Silence, Speech, and the Personhood of Enslaved Women in Medieval Egypt

Sunday, January 5, 2025: 4:30 PM
Beekman Room (New York Hilton)
Craig Perry, Emory University
This paper investigates an unlikely archive for a social history of domestic slavery in medieval Egypt. For nearly 800 years, a large cache of legal documents lay interred in the lumber room of a synagogue in Old Cairo until scholars began to acquire and study them in the late nineteenth century. Today these sources, commonly called the Cairo Geniza, represent one of the densest such archives for the social history of the medieval Middle East between the late tenth and thirteenth centuries. To date I have identified over 400 documents that relate to domestic slavery and the slave trade, including bills of sale, deeds of manumission, court depositions, family letters, wills, and responsa.
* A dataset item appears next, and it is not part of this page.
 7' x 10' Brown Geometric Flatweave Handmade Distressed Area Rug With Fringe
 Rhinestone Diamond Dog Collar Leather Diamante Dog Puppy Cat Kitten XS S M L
Using this corpus, this paper will analyze how the scribes and everyday writers who produced these records represented enslaved women, and it will ask to what extent the documents permit a history that narrates their life histories and centers them as actors. Unsurprisingly, enslaved women did not create their own records, and the scribes and slave owners who did write about them did so primarily to commodify them. As such, an archival silence pervades this corpus as with so many other histories of slavery. Despite this, a number of legal records, and personal letters that describe legal proceedings, report the speech of enslaved women: one person “refuses to be sold”; another is suspected of inventing a personal history for herself; and one woman converts to Islam in order to compel her Jewish owners to sell her. I will argue that, despite their relative scarcity, these more verbose reports can be used, at the very least, to generate further plausible interpretive possibilities and, in some cases, to confidently reconstruct enslaved speech that scribes chose to omit.